Only lines holding "beta" are wanted; copy each of them from the records below.

BEGIN Record extracts

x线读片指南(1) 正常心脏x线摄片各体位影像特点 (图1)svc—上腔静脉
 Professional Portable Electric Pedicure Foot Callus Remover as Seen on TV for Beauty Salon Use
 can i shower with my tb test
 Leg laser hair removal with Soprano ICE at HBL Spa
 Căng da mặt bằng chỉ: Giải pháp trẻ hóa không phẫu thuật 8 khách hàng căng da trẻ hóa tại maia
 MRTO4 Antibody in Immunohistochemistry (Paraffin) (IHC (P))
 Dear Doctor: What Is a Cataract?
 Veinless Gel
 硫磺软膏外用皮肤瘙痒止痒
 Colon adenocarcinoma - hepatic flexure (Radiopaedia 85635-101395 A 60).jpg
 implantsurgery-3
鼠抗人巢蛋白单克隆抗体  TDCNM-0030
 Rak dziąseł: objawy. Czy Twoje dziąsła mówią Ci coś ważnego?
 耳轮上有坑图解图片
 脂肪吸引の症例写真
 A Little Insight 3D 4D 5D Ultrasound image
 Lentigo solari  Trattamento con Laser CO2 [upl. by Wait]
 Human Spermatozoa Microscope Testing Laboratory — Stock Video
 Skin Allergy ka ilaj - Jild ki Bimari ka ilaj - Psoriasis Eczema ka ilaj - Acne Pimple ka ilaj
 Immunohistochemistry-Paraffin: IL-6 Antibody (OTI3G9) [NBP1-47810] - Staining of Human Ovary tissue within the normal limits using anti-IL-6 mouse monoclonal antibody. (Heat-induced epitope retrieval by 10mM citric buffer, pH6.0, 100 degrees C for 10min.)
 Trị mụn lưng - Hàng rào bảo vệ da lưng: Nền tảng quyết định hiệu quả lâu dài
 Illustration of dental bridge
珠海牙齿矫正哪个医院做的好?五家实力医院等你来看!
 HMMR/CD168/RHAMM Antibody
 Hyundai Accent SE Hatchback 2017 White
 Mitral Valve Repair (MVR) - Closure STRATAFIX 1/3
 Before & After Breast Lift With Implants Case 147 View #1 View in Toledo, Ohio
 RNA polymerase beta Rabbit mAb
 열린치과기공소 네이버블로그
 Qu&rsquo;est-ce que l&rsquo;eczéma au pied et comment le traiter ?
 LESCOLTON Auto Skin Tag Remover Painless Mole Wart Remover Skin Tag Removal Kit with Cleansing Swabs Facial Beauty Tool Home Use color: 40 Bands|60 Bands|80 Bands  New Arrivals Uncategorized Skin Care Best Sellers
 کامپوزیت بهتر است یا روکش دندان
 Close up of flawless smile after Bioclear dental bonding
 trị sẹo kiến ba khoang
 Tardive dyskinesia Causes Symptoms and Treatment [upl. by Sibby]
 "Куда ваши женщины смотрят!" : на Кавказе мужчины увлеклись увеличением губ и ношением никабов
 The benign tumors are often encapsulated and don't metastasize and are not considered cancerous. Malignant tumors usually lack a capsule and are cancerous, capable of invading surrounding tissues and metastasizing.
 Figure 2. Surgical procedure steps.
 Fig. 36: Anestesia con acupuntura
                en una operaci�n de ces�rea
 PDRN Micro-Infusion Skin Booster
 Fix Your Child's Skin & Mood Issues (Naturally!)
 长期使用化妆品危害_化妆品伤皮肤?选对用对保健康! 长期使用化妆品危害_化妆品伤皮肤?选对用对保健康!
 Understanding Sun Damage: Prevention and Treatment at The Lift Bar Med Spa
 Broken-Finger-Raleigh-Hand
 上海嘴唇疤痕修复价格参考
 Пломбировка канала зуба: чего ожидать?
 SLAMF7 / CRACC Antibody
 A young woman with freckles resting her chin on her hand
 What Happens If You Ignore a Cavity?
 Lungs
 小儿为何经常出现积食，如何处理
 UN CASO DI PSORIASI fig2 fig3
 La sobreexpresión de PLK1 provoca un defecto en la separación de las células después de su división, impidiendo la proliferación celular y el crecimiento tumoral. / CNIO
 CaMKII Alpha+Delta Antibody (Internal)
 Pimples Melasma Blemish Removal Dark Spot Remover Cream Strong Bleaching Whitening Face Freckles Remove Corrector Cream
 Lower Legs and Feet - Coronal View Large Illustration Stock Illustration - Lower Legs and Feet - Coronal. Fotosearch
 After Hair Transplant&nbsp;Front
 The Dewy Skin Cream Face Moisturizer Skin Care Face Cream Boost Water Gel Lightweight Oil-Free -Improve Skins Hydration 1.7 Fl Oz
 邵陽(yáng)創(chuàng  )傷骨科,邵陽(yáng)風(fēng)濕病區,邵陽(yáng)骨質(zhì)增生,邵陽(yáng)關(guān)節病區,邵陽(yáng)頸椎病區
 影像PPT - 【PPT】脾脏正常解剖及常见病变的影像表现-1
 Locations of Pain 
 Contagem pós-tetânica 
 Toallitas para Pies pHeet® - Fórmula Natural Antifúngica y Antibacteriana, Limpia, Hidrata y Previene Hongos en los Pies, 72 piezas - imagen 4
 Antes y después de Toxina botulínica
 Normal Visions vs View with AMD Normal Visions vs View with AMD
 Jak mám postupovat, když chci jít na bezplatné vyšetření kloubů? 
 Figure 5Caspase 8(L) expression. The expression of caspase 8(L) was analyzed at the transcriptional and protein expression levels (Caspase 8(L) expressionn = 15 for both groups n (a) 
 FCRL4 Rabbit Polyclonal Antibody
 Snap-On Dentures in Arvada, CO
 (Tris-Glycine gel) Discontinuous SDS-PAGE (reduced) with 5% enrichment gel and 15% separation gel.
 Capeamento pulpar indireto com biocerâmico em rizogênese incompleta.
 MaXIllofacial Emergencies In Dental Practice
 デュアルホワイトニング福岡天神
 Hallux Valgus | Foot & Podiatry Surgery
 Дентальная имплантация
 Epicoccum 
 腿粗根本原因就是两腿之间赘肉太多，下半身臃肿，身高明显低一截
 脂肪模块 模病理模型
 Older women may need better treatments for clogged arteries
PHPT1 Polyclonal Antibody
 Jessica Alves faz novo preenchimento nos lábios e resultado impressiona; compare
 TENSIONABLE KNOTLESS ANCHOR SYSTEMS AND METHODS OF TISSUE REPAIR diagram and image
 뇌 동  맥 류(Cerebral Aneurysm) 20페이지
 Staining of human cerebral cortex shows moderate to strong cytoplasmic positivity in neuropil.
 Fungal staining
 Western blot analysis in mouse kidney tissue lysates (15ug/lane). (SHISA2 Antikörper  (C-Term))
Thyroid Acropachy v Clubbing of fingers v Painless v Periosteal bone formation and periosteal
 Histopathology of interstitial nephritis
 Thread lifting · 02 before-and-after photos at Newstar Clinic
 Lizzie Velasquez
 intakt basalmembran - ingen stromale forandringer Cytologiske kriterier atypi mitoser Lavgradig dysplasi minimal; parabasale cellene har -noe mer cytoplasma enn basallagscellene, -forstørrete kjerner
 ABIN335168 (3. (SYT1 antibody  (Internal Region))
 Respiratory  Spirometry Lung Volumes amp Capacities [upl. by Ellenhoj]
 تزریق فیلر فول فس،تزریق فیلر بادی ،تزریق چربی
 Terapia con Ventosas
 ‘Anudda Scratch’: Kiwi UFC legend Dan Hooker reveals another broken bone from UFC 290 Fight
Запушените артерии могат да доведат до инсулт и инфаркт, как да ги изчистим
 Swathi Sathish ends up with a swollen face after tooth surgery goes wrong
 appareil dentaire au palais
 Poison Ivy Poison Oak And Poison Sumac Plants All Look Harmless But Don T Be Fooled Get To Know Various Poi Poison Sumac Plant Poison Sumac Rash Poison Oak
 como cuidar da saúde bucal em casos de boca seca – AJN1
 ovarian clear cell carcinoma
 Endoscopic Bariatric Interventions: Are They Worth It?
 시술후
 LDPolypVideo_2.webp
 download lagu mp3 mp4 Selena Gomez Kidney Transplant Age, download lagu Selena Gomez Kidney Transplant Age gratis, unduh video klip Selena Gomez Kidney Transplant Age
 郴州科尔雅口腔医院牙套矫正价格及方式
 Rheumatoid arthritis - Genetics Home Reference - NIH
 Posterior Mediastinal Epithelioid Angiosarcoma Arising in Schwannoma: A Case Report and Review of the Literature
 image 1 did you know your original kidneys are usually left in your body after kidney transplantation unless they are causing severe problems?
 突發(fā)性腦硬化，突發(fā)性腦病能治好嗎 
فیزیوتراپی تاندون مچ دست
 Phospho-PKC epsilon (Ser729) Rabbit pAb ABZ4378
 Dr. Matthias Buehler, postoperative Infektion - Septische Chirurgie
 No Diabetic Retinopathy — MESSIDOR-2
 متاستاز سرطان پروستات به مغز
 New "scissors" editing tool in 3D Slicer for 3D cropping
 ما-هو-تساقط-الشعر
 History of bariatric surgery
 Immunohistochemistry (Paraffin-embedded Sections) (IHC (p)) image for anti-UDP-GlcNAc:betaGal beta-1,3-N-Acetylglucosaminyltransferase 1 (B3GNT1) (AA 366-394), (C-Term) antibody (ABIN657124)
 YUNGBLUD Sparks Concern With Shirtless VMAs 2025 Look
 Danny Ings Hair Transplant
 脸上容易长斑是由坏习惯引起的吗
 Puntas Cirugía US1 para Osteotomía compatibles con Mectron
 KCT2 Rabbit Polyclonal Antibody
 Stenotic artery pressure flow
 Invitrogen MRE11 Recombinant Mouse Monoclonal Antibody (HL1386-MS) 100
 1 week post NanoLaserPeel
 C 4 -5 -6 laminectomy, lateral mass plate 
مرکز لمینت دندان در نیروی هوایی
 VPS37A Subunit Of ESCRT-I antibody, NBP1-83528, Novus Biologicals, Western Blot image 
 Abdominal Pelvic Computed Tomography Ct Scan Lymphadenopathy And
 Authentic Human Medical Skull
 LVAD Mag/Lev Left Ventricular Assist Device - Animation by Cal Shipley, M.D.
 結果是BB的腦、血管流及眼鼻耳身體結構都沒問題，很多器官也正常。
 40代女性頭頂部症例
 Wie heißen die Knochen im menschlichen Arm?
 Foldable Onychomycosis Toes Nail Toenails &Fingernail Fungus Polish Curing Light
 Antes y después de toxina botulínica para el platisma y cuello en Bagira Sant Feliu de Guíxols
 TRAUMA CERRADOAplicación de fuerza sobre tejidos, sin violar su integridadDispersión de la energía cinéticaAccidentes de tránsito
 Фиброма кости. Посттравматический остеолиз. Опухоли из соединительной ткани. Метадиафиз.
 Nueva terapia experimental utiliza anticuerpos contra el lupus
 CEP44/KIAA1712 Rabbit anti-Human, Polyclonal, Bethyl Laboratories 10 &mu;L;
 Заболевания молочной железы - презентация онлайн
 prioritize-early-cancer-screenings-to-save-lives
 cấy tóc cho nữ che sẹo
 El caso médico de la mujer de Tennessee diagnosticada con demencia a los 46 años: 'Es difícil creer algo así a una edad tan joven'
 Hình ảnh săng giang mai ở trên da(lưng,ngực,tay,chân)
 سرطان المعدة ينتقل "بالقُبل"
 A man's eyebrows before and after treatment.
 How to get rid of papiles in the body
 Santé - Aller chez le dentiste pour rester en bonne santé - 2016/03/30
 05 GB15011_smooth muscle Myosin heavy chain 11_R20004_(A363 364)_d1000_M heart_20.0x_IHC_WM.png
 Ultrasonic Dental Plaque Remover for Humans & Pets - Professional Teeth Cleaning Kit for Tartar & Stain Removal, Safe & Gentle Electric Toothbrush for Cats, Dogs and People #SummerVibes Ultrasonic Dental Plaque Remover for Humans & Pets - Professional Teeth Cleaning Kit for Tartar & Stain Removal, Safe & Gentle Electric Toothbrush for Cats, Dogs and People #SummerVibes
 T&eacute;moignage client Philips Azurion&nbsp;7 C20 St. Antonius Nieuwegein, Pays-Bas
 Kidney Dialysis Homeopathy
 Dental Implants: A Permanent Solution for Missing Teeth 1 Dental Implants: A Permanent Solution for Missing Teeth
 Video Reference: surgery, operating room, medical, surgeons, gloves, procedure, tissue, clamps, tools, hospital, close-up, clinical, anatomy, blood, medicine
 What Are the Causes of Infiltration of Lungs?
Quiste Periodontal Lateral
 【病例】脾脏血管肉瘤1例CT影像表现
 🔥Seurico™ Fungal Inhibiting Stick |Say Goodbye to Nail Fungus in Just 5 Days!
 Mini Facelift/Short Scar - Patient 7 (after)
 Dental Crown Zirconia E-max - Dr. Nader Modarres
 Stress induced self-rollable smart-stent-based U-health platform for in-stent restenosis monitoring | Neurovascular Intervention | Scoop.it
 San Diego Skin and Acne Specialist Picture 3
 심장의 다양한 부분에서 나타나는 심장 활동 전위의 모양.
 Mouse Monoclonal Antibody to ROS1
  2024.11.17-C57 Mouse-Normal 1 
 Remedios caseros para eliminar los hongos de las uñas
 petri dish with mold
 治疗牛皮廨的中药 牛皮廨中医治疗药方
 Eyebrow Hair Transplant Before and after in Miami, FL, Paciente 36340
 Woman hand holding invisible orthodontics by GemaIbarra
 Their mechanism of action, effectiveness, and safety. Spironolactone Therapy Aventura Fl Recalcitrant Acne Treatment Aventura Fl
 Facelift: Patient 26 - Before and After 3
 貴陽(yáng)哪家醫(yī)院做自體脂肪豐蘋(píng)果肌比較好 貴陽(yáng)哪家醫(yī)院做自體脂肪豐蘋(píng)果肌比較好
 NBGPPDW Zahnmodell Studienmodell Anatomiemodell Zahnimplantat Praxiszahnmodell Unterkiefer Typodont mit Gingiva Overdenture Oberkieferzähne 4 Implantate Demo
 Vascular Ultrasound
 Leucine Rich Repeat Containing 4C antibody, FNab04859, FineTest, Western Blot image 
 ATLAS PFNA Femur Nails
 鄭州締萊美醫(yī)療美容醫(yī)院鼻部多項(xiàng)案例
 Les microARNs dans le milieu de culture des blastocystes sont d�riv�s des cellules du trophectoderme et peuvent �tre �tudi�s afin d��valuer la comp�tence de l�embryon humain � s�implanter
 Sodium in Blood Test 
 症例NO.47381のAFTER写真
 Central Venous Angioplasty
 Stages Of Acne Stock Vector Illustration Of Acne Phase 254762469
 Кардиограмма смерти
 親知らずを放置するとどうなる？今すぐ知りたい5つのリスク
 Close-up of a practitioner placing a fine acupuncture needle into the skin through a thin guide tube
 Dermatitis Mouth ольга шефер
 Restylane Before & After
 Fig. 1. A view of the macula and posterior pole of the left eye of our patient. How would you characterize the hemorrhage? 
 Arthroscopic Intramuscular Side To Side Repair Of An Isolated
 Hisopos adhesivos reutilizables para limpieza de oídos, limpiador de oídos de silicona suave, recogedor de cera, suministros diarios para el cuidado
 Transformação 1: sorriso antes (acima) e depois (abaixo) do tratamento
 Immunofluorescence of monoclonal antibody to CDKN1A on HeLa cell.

END Record extracts

• **Answer box**
 RNA polymerase beta Rabbit mAb
 Immunohistochemistry (Paraffin-embedded Sections) (IHC (p)) image for anti-UDP-GlcNAc:betaGal beta-1,3-N-Acetylglucosaminyltransferase 1 (B3GNT1) (AA 366-394), (C-Term) antibody (ABIN657124)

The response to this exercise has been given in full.